_Instructions for the task_. In the records that follow, find the line containing "HP VICTUS 15-fa2457ng" and the line containing "Названа лучшая девушка-боец MMA в мире", then transcribe both and every line between them exactly, omitting pictures.

_Provided entries_.

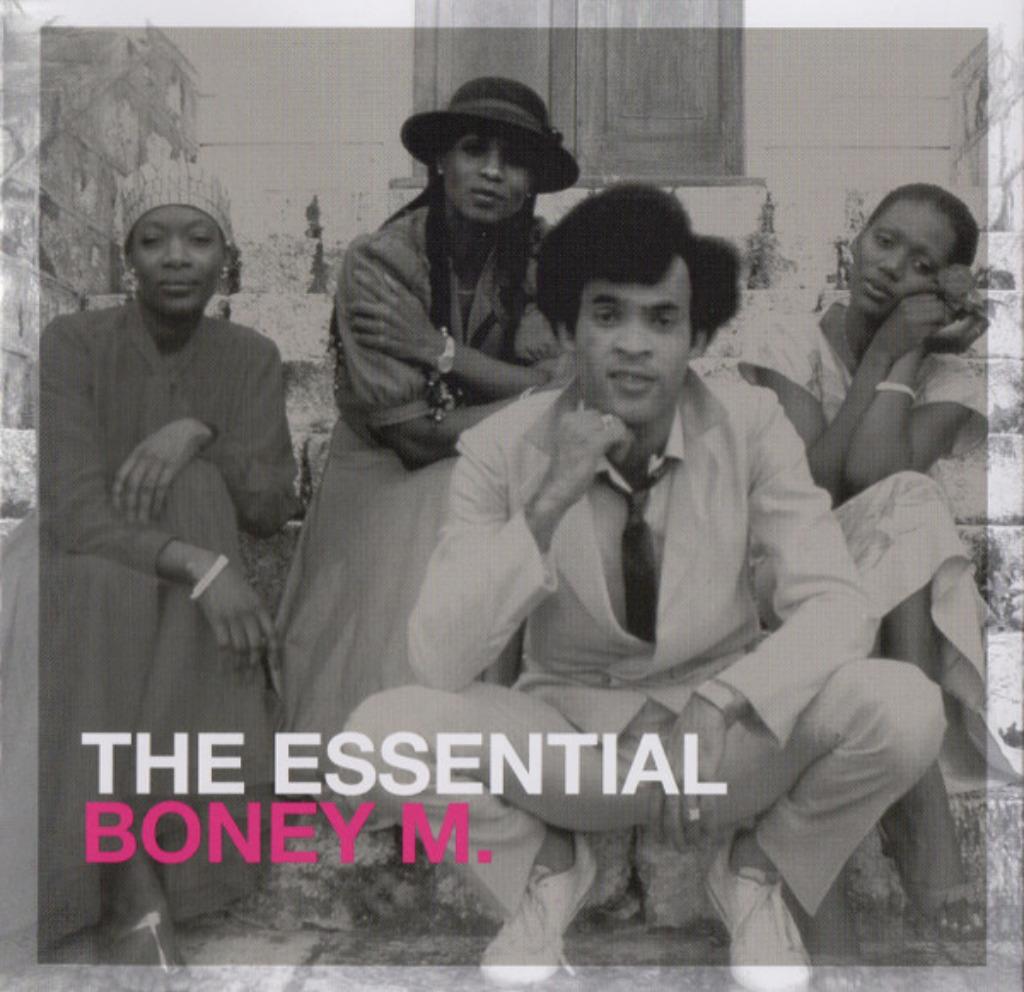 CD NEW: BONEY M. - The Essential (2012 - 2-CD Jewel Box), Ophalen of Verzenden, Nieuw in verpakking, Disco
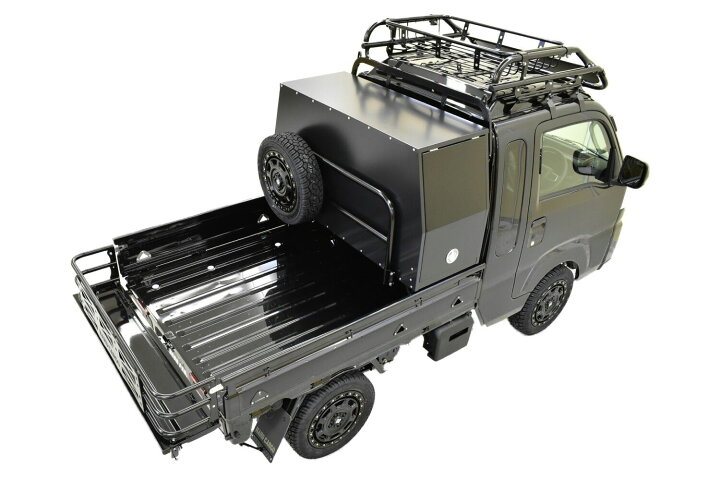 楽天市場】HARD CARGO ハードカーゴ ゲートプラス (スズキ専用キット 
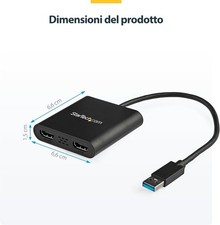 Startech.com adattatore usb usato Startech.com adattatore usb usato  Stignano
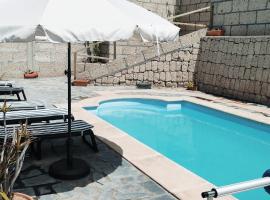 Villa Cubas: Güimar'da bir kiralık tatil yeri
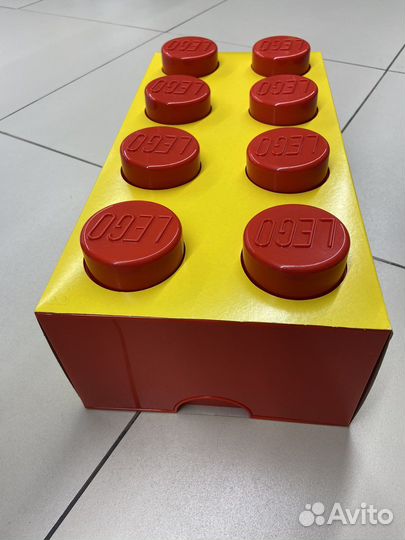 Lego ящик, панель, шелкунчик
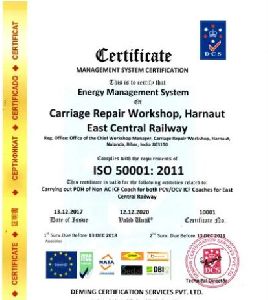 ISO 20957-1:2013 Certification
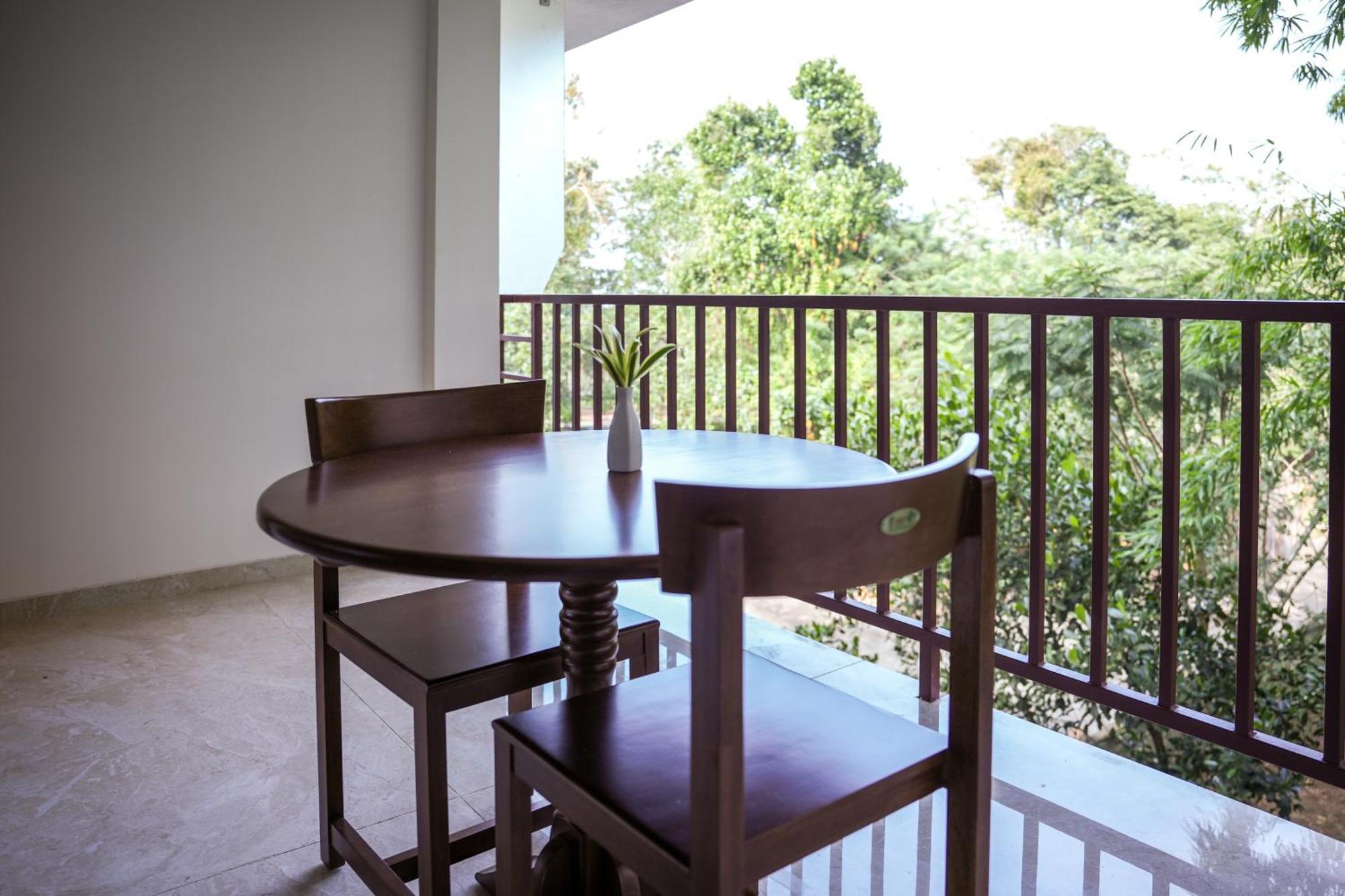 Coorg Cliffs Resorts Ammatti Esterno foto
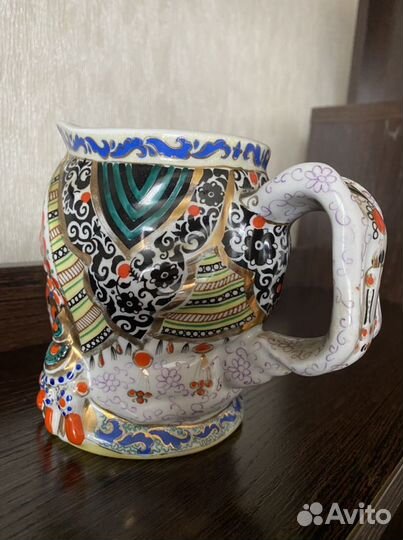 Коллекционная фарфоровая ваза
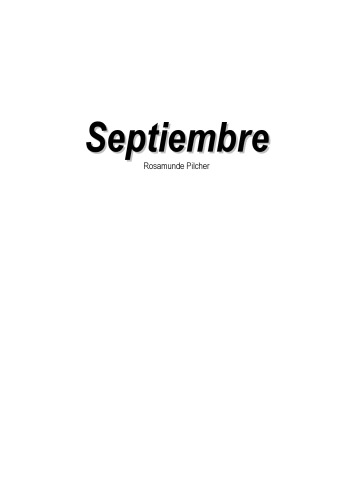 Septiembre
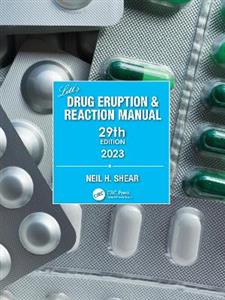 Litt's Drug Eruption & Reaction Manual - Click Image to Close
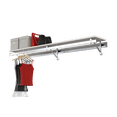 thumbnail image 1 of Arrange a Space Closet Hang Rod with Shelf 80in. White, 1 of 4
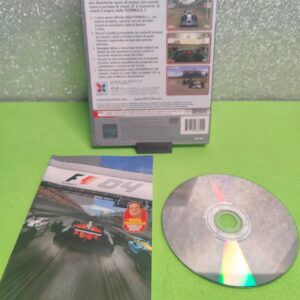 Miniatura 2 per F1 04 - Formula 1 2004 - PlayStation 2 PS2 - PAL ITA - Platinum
...
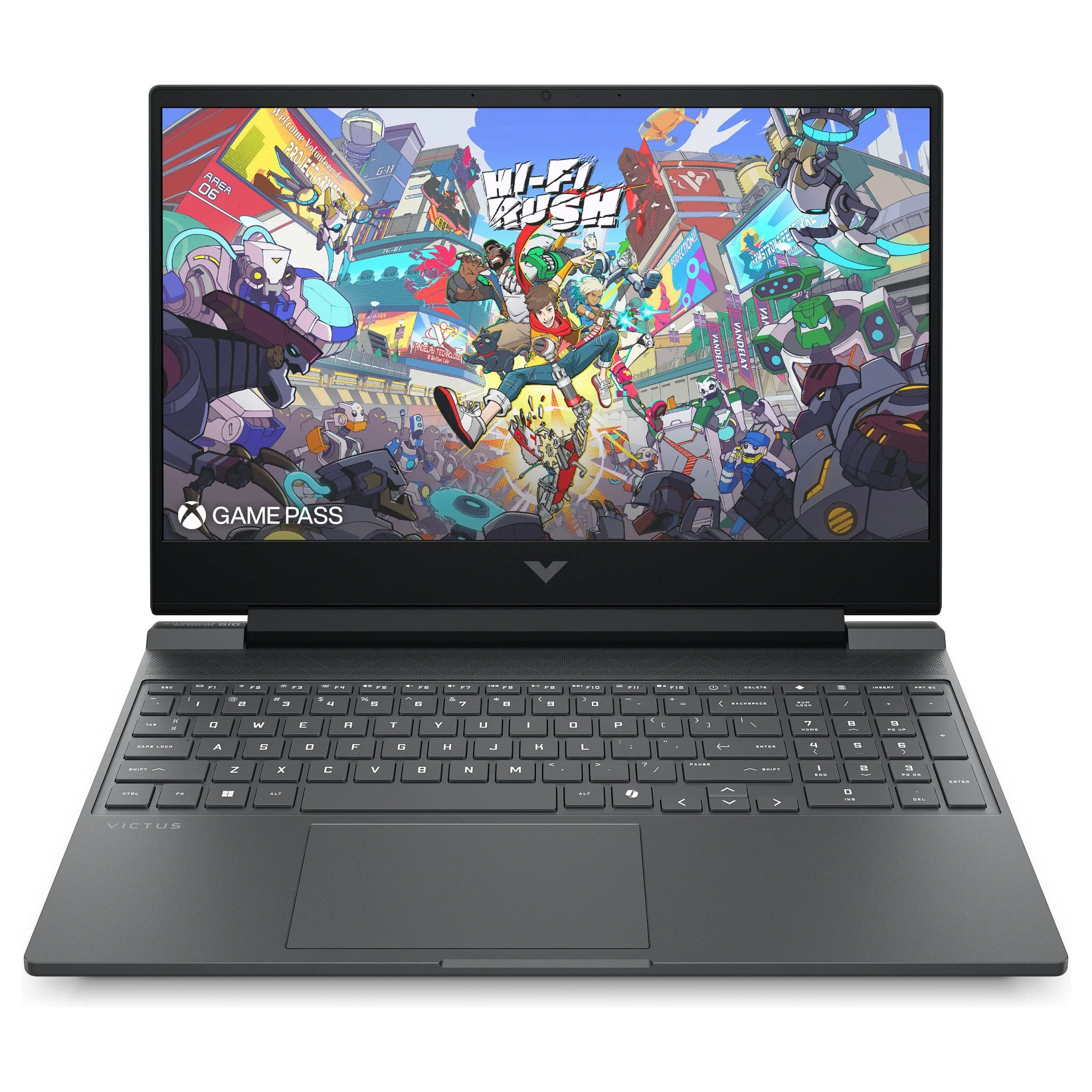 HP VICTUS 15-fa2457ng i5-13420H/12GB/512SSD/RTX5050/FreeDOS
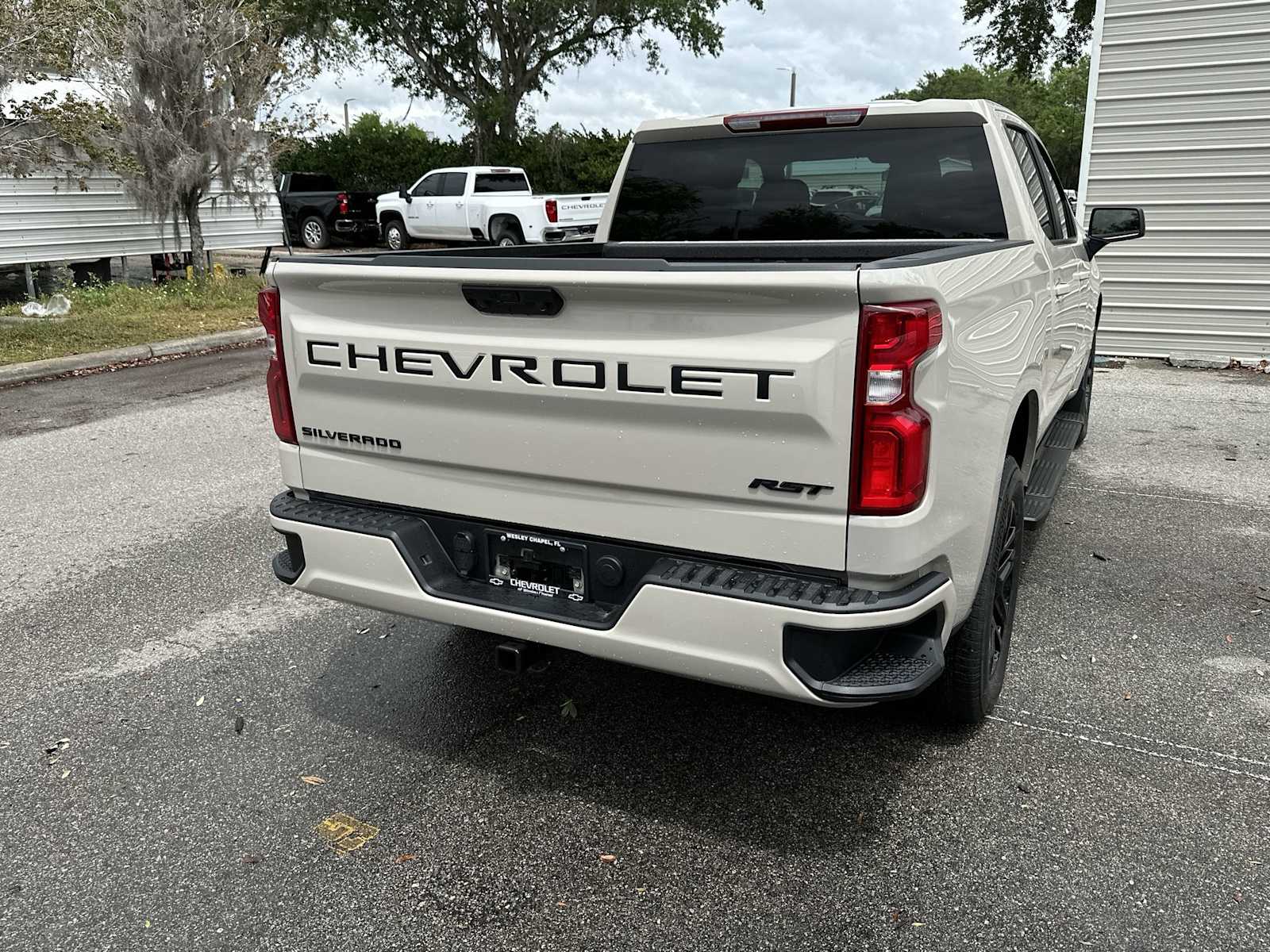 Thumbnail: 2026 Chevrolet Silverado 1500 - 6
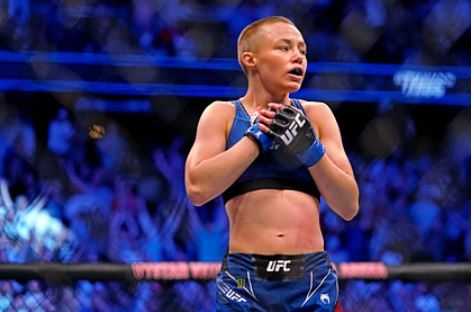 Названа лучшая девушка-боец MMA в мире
...
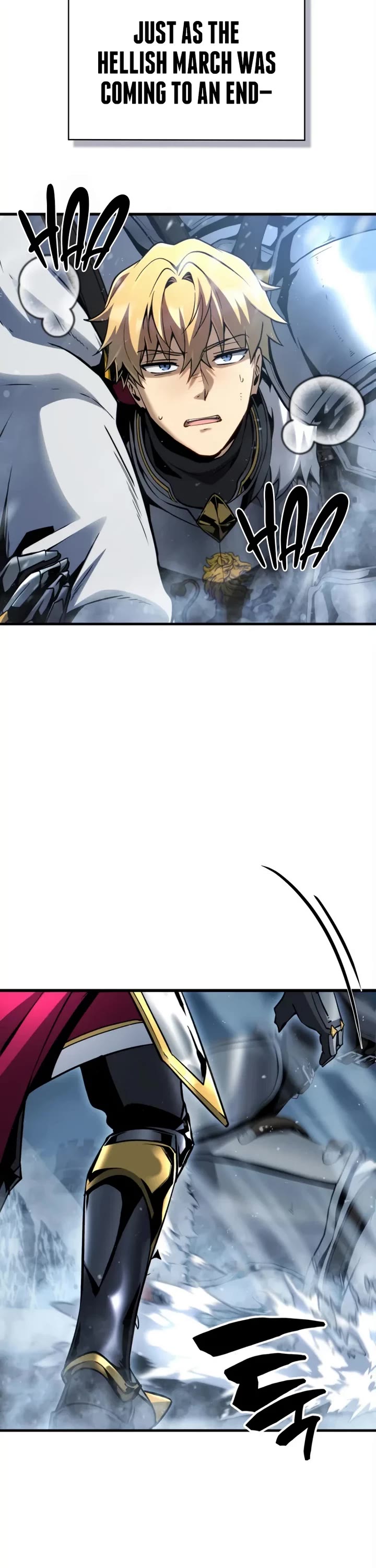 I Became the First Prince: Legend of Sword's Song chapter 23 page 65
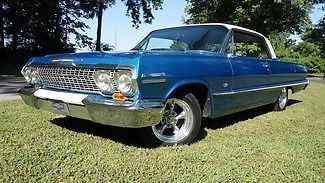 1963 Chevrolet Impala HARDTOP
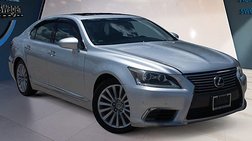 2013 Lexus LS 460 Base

_Written answer_.
 HP VICTUS 15-fa2457ng i5-13420H/12GB/512SSD/RTX5050/FreeDOS
 Thumbnail: 2026 Chevrolet Silverado 1500 - 6
 Названа лучшая девушка-боец MMA в мире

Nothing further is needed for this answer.